◆ **Data segment**
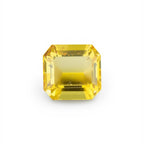 Yellow Sapphire 1PC Small 8x8 MM Square Faceted Yellow Luster Precious Loose Gems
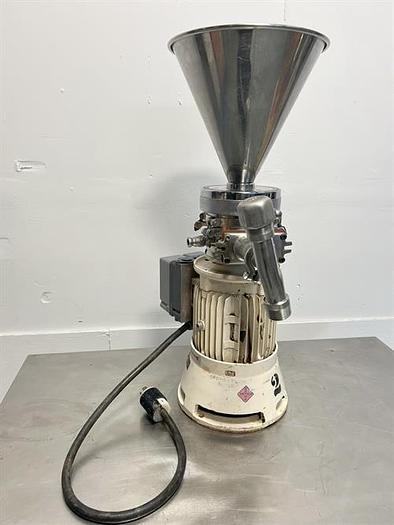 Used Fryma model MZ80R stainless steel colloid mill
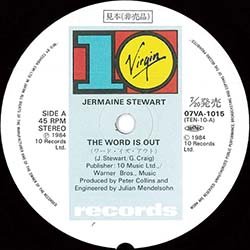 画像4: JERMAINE STEWART / ワード・イズ・アウト (7インチ) [◎中古レア盤◎少量生産！お宝"日本版ジャケ"！]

◆ **Task instructions**
Would it be possible to give the material above again exactly, with the pictures left out?

◆ **Answer space**
 Yellow Sapphire 1PC Small 8x8 MM Square Faceted Yellow Luster Precious Loose Gems
 Used Fryma model MZ80R stainless steel colloid mill
 画像4: JERMAINE STEWART / ワード・イズ・アウト (7インチ) [◎中古レア盤◎少量生産！お宝"日本版ジャケ"！]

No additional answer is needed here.